Task to carry out> Print exactly the lines below between the line containing "Snyder Counter Height" and the line containing "Affiche Sainte-Geneviève-des-Bois —", counting both of those lines. Leave pictures out.

Data provided>
╭──

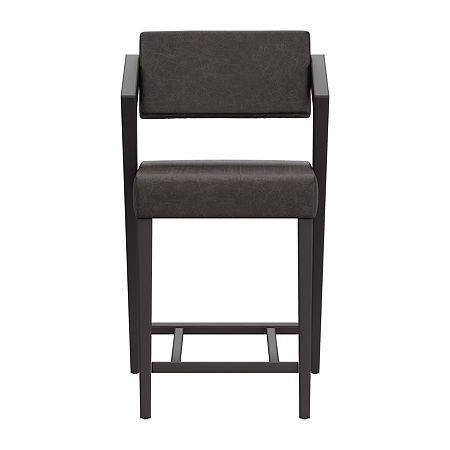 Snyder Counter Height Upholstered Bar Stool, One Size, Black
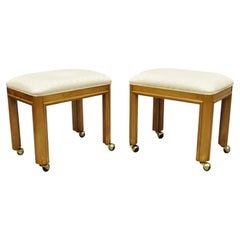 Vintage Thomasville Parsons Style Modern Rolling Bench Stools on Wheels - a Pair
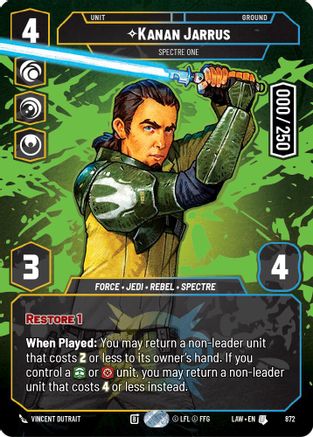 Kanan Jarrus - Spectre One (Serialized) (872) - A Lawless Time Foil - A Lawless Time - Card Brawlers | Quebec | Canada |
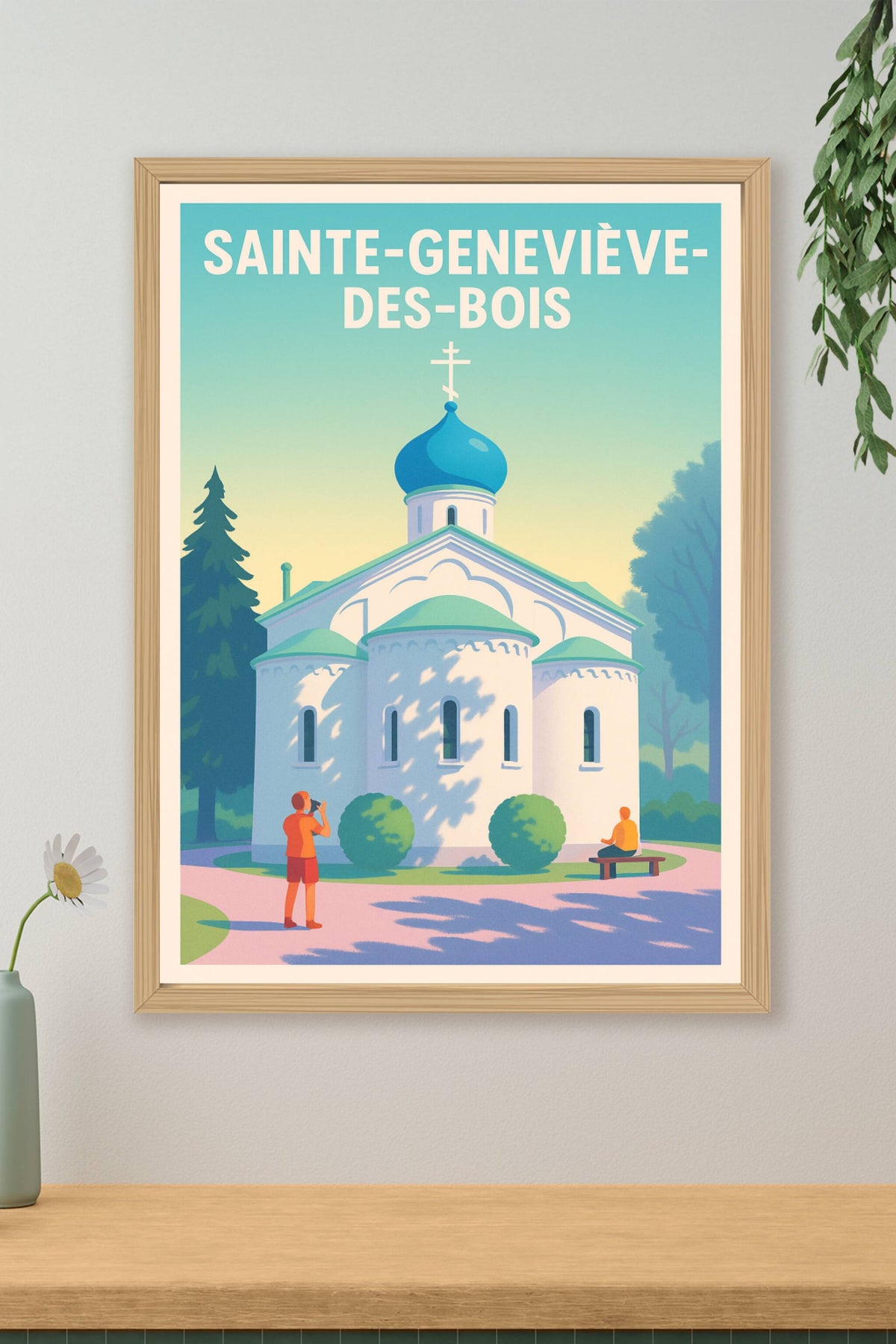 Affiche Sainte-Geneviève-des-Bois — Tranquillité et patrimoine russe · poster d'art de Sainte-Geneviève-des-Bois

╰──
╭──

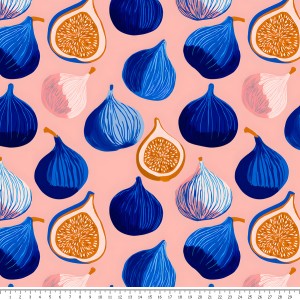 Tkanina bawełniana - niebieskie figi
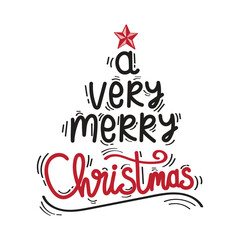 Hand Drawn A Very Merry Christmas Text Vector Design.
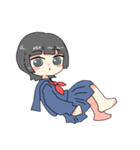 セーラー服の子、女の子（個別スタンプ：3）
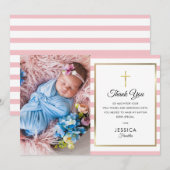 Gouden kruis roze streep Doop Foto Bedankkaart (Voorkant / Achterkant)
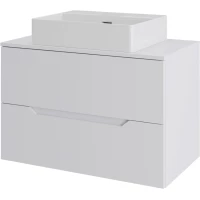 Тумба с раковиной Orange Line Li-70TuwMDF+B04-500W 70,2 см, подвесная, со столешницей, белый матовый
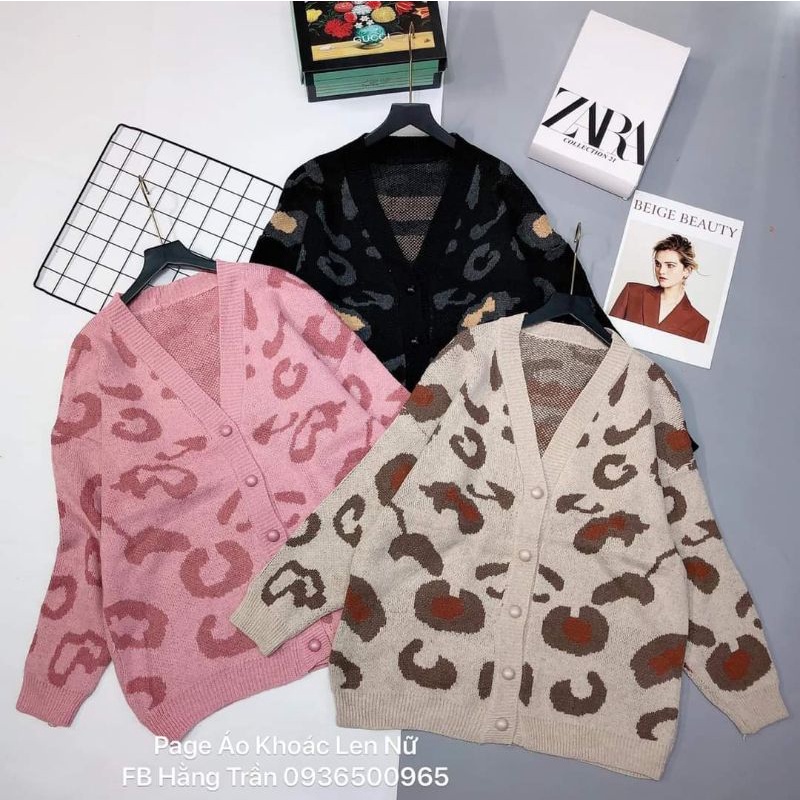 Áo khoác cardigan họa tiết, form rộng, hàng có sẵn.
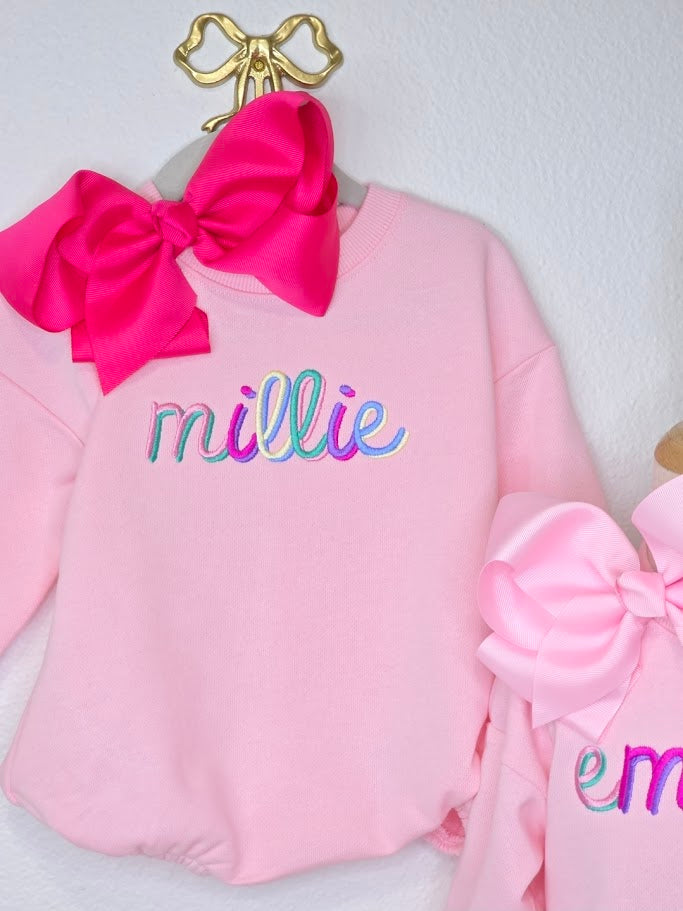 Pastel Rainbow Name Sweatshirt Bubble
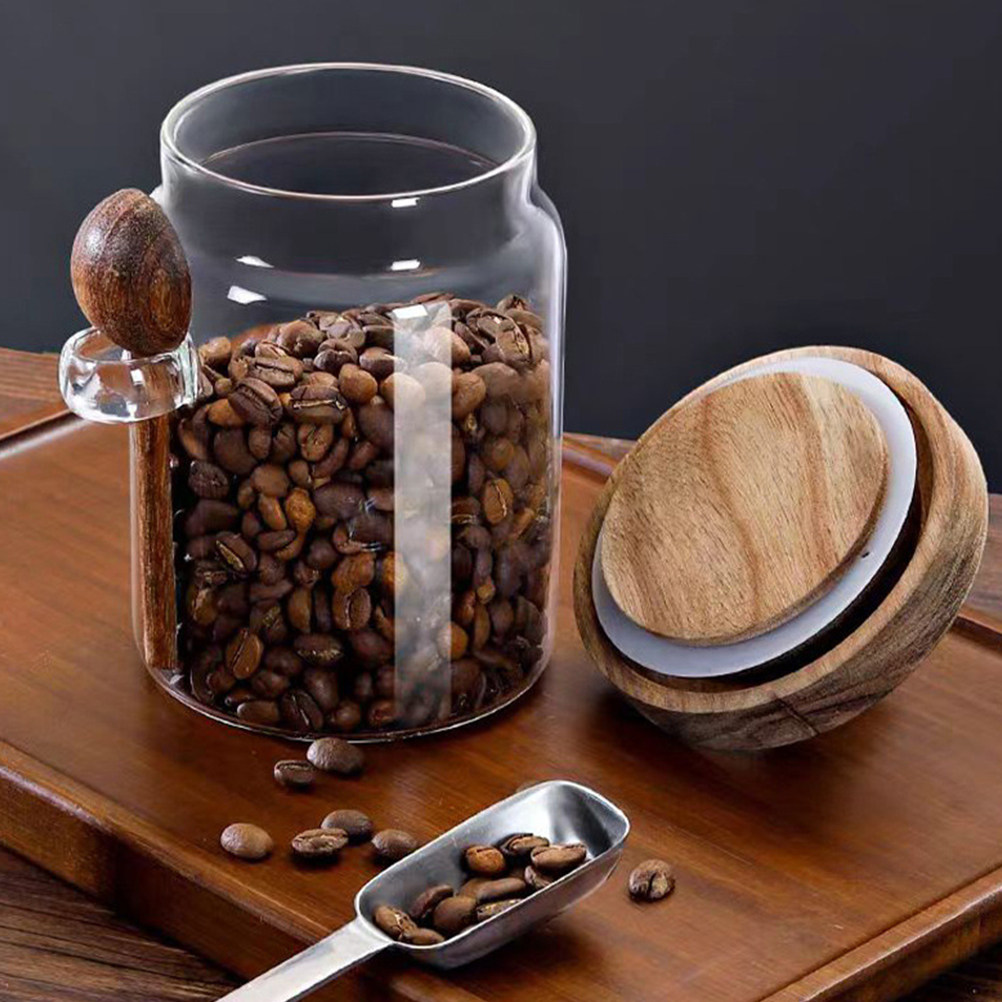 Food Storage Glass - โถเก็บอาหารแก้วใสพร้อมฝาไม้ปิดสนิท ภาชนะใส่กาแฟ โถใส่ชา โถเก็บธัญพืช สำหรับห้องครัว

╰──

Solution for this problem>
 Snyder Counter Height Upholstered Bar Stool, One Size, Black
 Vintage Thomasville Parsons Style Modern Rolling Bench Stools on Wheels - a Pair
 Kanan Jarrus - Spectre One (Serialized) (872) - A Lawless Time Foil - A Lawless Time - Card Brawlers | Quebec | Canada |
 Affiche Sainte-Geneviève-des-Bois — Tranquillité et patrimoine russe · poster d'art de Sainte-Geneviève-des-Bois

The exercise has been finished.